Most people have no clue of WHO they are trying to become, WHERE they are trying to go, and HOW they are going to get there.

To know the answers to those questions, you are going to need to do an immense amount of "inner work".

No one can do this work for you but it must be done before you drag someone else into your life.

Commit yourself to self-discovery and personal growth. Do it right now. While you are single, and while your life is flexible.

Choose to grow, even if you are alone.

I want you to embrace the solitude of being alone. Yes, sometimes it can be really difficult, but the solitude of being alone can be amazing - with the right perspective.

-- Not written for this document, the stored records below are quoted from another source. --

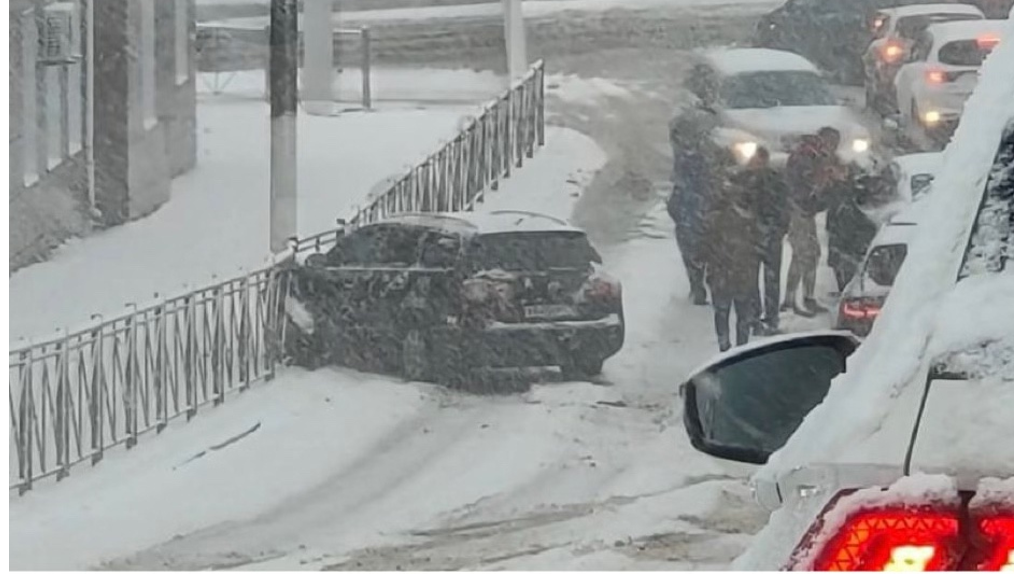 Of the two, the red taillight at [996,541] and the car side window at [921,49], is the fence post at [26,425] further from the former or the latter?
the red taillight at [996,541]

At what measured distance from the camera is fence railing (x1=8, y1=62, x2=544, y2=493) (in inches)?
126

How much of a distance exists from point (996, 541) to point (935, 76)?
6.74 feet

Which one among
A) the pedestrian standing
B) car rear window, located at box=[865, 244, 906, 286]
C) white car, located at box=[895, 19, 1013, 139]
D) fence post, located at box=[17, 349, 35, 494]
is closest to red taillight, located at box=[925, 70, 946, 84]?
white car, located at box=[895, 19, 1013, 139]

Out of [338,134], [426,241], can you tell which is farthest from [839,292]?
[338,134]

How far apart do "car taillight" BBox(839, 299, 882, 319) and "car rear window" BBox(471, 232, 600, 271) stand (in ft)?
1.73

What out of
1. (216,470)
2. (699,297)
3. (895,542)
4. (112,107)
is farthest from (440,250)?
(895,542)

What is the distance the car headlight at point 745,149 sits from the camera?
3373mm

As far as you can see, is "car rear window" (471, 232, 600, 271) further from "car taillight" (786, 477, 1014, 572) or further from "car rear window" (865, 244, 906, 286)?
"car taillight" (786, 477, 1014, 572)

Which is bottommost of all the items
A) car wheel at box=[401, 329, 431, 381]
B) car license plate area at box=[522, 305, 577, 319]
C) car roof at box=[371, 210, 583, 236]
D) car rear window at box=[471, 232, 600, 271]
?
car wheel at box=[401, 329, 431, 381]

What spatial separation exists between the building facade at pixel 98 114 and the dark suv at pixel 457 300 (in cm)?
42

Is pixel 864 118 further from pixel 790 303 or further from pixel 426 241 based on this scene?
pixel 426 241

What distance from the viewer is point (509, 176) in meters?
3.28

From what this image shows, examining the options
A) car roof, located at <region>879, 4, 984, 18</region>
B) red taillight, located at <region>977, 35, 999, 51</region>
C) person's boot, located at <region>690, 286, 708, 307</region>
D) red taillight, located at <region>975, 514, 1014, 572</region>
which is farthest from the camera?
person's boot, located at <region>690, 286, 708, 307</region>

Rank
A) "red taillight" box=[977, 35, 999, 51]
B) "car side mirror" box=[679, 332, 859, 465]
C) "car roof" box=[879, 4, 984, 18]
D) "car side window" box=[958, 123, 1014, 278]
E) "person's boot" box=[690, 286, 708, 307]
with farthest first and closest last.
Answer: "person's boot" box=[690, 286, 708, 307] → "car roof" box=[879, 4, 984, 18] → "red taillight" box=[977, 35, 999, 51] → "car side mirror" box=[679, 332, 859, 465] → "car side window" box=[958, 123, 1014, 278] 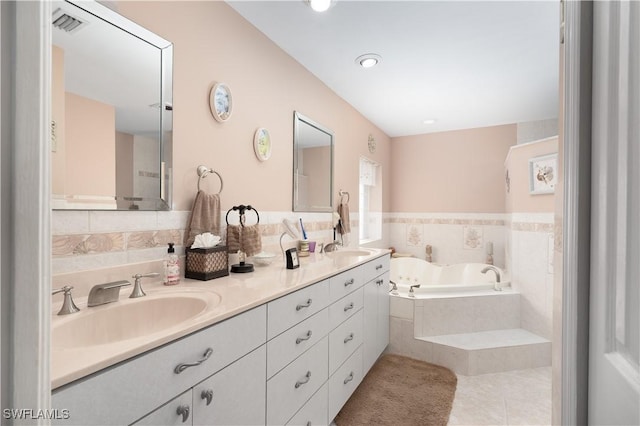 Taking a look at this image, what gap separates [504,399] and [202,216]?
2403 mm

Many single people, especially guys, don't realize how much energy they burn through chasing after and thinking about potential romantic relationships.

Save your energy. Divert it into the things that are most meaningful to you.

Whenever I find myself chasing after something at the expense of other priorities, I say this affirmation, over and over:

I don't chase, I attract. What belongs to me will simply find me.


This affirmation is great for attracting anything you want into your life, but it is especially relevant in the context of relationships.

By developing yourself and becoming the best possible version of yourself, you will find that you attract more people that resonate with the person you want to become.

It is a fundamental shift...

Do not seek. Be someone worth seeking.

I swear by this approach. It has allowed me to be more judicious and careful with all of my relationships.

Because instead of chasing someone that is a bad fit for me, I'm focused on attracting the person that is the best fit.

Lessons learned from past relationships

Here are two big lessons I learned from my most successful (and most failed) relationships:

  1. Personal growth and self-discovery are crucial. Always. Whether you are in a relationship or not.

  2. You both need to be in alignment with your vision for each other

My MOST unsuccessful relationships were those where we infringed on each other's personal independence, didn't respect each other's passions, and restricted the other's growth.

(on top of just not being in alignment)

And my most SUCCESSFUL relationships were those that celebrated each other's personal independence and cultivated the other's unique passions.

(while being harmoniously aligned around our visions for one another)

You may be single now, but once you land yourself in a relationship, I want you to embrace your personal growth AND respect the personal growth of your partner.

But remember, you need to be CRYSTAL CLEAR about the type of person you are trying to become. YOU need to know WHO you want to become. And your partner needs to see and love the vision of who you want to become.

You are both equally responsible for this.

My friend, please learn from my mistakes. Figure out who you are and who you want to be before you are in a relationship. And once you are in the relationship, make sure you are both in alignment around who you are both trying to become.

You are both going to change and grow - make sure you are growing together.

Grow together.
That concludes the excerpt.